*** Opening Material provided ***

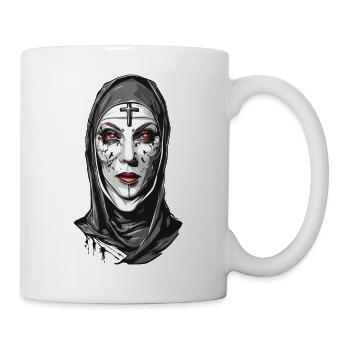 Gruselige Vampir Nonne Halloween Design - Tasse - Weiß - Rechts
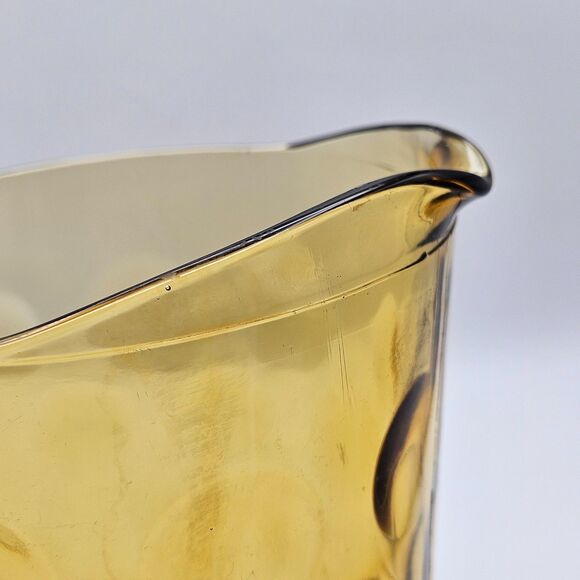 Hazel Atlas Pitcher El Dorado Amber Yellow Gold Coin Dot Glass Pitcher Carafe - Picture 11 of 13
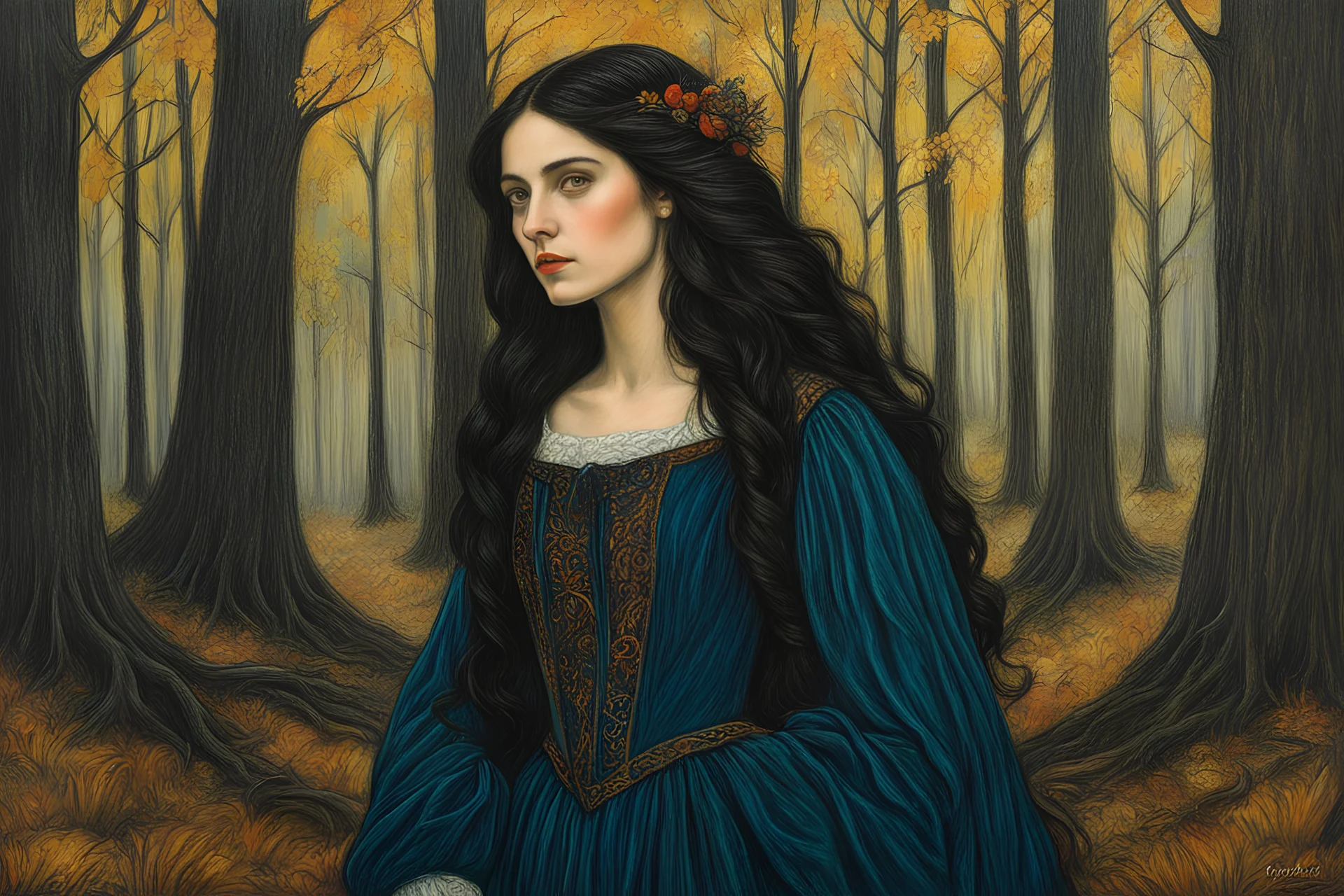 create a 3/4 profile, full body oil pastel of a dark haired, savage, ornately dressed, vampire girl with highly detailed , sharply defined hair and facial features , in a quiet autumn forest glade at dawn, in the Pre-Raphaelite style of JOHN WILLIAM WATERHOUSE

*** Closing Material provided ***

** Your task **
Return the whole of the material above exactly, with no picture carried over.

** Reply to the exercise **
 Gruselige Vampir Nonne Halloween Design - Tasse - Weiß - Rechts
 Hazel Atlas Pitcher El Dorado Amber Yellow Gold Coin Dot Glass Pitcher Carafe - Picture 11 of 13
 create a 3/4 profile, full body oil pastel of a dark haired, savage, ornately dressed, vampire girl with highly detailed , sharply defined hair and facial features , in a quiet autumn forest glade at dawn, in the Pre-Raphaelite style of JOHN WILLIAM WATERHOUSE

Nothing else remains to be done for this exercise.